Followers

8/25/2016

Challenges

The places where you have your biggest challenges are the places you have the most to give.

8/23/2016

Queendom

We all have our own thing, and that's the magic.
And everybody comes with their own sense of strength,
and their own queendom.
Mine can never compare to hers
And her could never compare to mine.

Lady Jill Scott

Interiority: when you go to that space, you can't compare yourself to yourself, nor feel superior or inferior to anyone.

Magical creatures?

There are people in your life who inspire art. You blow them up into this mythical characters and you give them all those magical qualities or maybe they're just stepping stones for something bigger and better.
From Californication

8/21/2016

Intimacy

The Key to a Healthy Intimate Relationship~
I'm often asked: what is the best way I can prepare for a healthy, deeply satisfying intimate relationship? How can I attract the right partner for me - a person who I can travel with on the journey of the heart, and is truly interested in exploring relationship as a crucible of healing and awakening?
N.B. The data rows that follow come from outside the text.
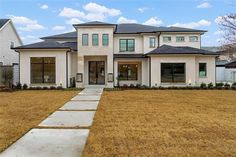 a large white house sitting on top of a lush green field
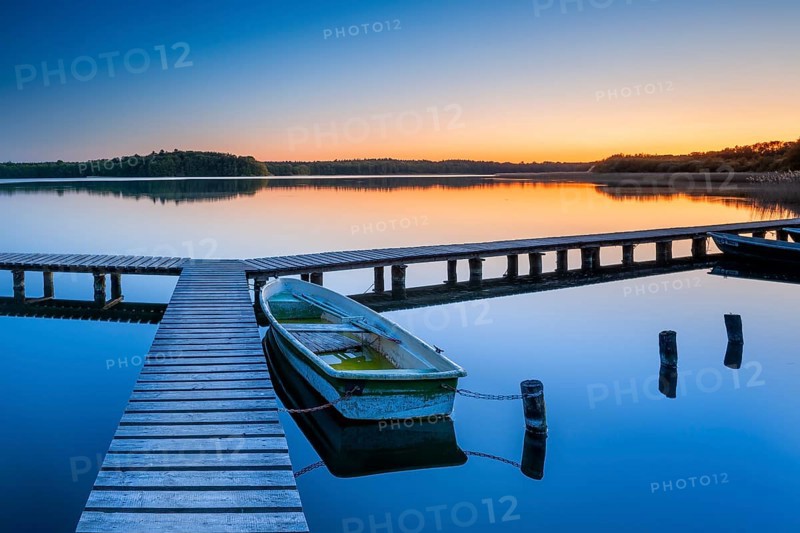 Wooden jetty with rowing boat at dusk, sunset on Lake Schaalsee, Mecklenburg-Western Pomerania, Germany, Europe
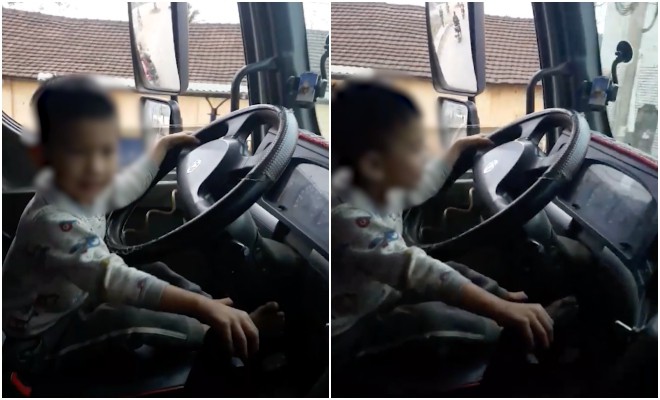 Xôn xao việc bố quay clip con trai lái xe tải băng băng trên đường: Chỉ là diễn vì xe được kéo đi?-1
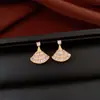 Pendientes de borla con flor de trébol de circonita vintage con un toque de alta gama, pendientes versátiles y de moda al por mayor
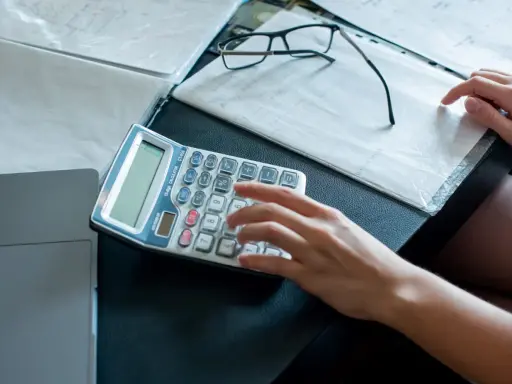 Ręce liczą na kalkulatorze dokumenty, analizując umowę zlecenie a alimenty. Obok leżą okulary i notatki.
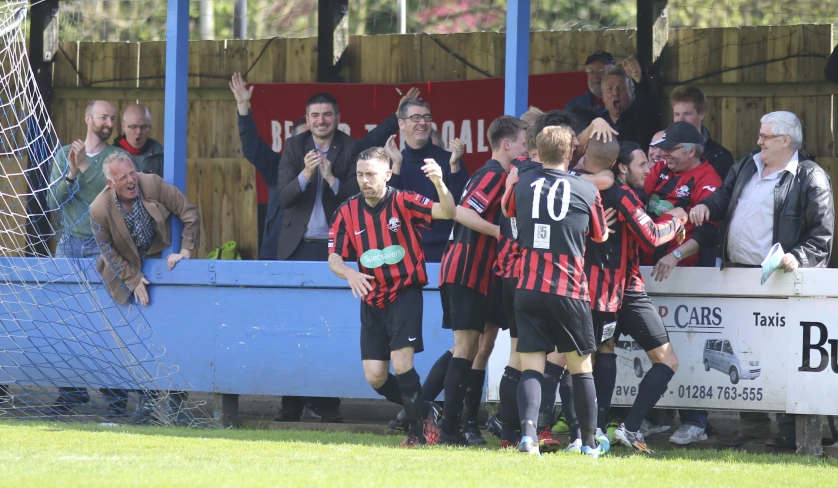 two boys are being congratulated at the match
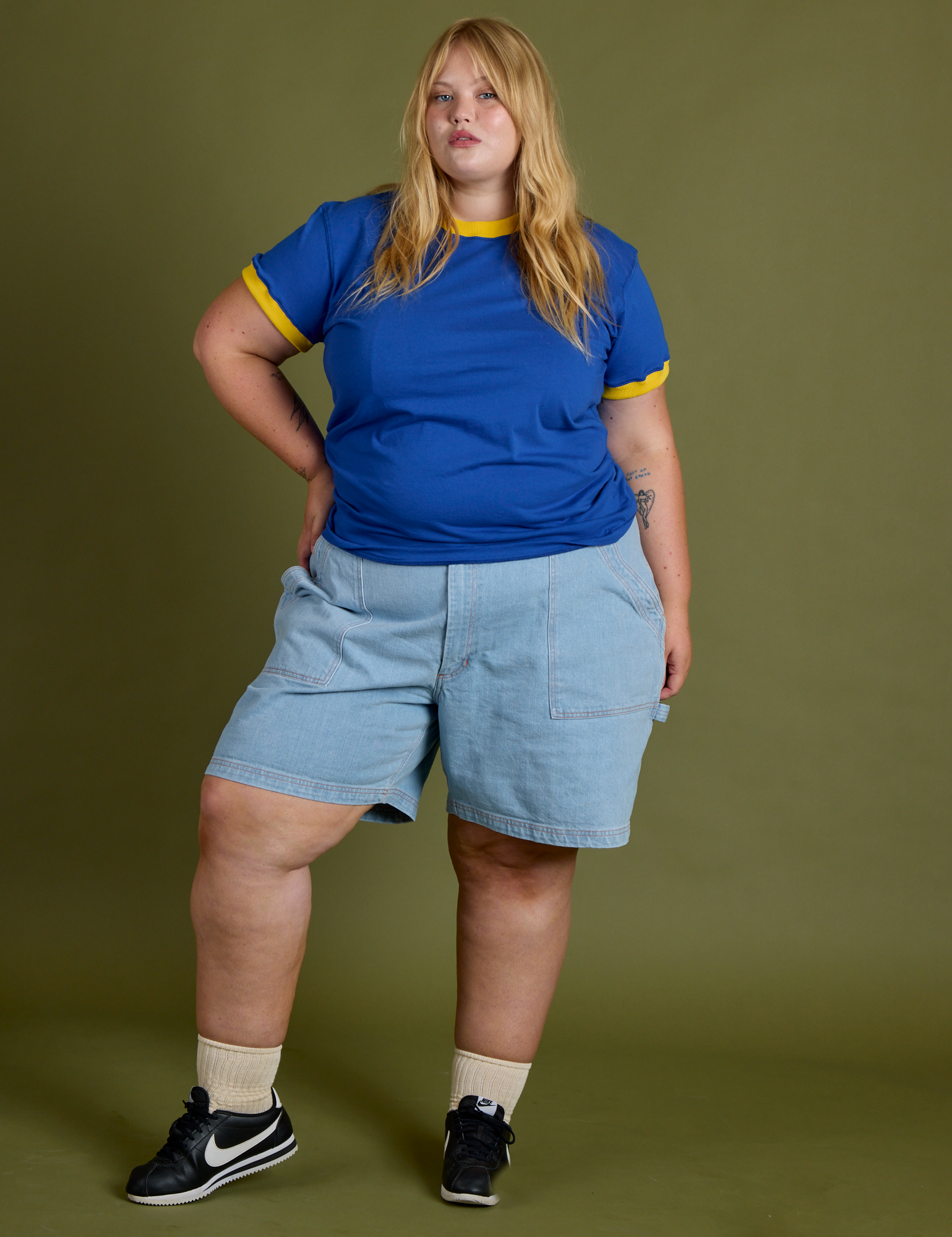 Juliet is wearing Vintage Ringer Tee in Royal Blue and Carpenter Shorts in Light Wash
There are many responses to these sorts of questions - workshops to attend, lists of 10 'secrets' to attract your perfect soul mate, 12 steps to manifesting your twin flame, and so forth. It can be important to experiment, with openness and curiosity, any approach that you feel drawn to.
The suggestion I usually make, though, is not nearly as sexy or compelling, or all that fun or flashy: learn how to take care of yourself. Learn how to practice radical self-care, self-kindness, and self-compassion. For to the degree that you are able to take responsibility for your own vulnerabilities and core emotional wounding, it is to this degree that you will release your partner from this burden, which is not his or hers to carry.
So what does it mean to 'take care of yourself' in this context?
By 'taking care' of yourself, I mean becoming very curious about your emotional triggers, about the feelings you do not want to feel - about your addictions, habitual behaviors, and how much you complain about and blame others and the world for your existential flatness, dissatisfaction, rage, and profound feelings of disconnection. Be willing at times to travel underneath the narrative, the very compelling story of 'me,' and make experiential contact with those emotions and sensations that you have abandoned - and at times are seeking in your partner. Make a commitment to stop complaining about your life and instead provide a sanctuary within you for your feelings, emotions, hopes, dreams, fears, and fantasies to unfold and illuminate.
Practice being kind to your feelings and emotions and you will naturally be kind to those intimate partners that are sure to trigger them in you. As long as we are looking to our partners to fulfill those functions that were not offered to us as young children, it will be difficult to come into a fulfilling, loving relationship that is not riddled by the pain of projection. Your partner is there to help you, to support you, but not to take care of or parent you. They were not put on this planet to do your work for you, but to skillfully support you as you turn toward, meet, and metabolize what has been knocking at the door of your heart for so long.
Perhaps there is no 'secret' to co-creating a fulfilling, supportive, mutually beneficial intimate relationship, as it is always in the end, a movement of the unknown. Intimacy is not something we can come to, figure out, or 'solve' by means of conceptual and egoic process, and may never, ever be resolved into a magical formula. But by learning to take care of yourself, you are creating a foundation upon which the mystery of intimacy can unfold, dance, and come alive within you.~
~Matt Licata

8/14/2016

The Good People

I see the people that do the real work, and what's really sad is that the people that are the most giving, hardworking and capable of making this world better usually don't have the ego and ambition to be a leader.
They don't see any interest in superficial rewards.
They don't care if their name ever appear in the press.
They actually enjoy the process of helping others.
They're in the moment.
...It's not about the goal but the process.

From the movie Before Sunset

Reality is Reality

All our lives we're told, You can do anything you set your mind to! But you can't. If that were true, we'd all be movie stars, pro athletes, and presidents. Personally, I'd be this year's Super Bowl MVP.
This form of self-delusion was launched as a major crusade in psychology in 1950s, with the advent of the power-of-positive-thinking movement. It was a good idea, but some people now take positive thinking all the way to la-la land. They say things like, "You create your own reality." Sorry. Not on this planet. You create your own perception and your own meaning, but reality is reality.

From the book What Happy People Know, by Dan Baker

8/12/2016

From Mr. Robot

Is any of it real?
A world built on fantasy!
Synthetic emotions in the form of pills,
psychological warfare in the form of advertising,
mind altering chemicals in the form of food,
brainwashing seminars in the form of media,
controlled isolated bubbles in the form of social networks.
You want to talk about reality?
We haven't lived in anything remotely close to it since the turn of the century.
We turned it off, took out the batteries,
snacked on a bag of GMOs
while we tossed the remnants in the ever-expanding dumpster of the human condition.
We live in branded houses trademarked by corporations built on bipolar numbers
jumping up and down on digital displays,
hypnotizing us into the biggest slumber mankind has ever seen.
You need to dig pretty deep before you can find anything real.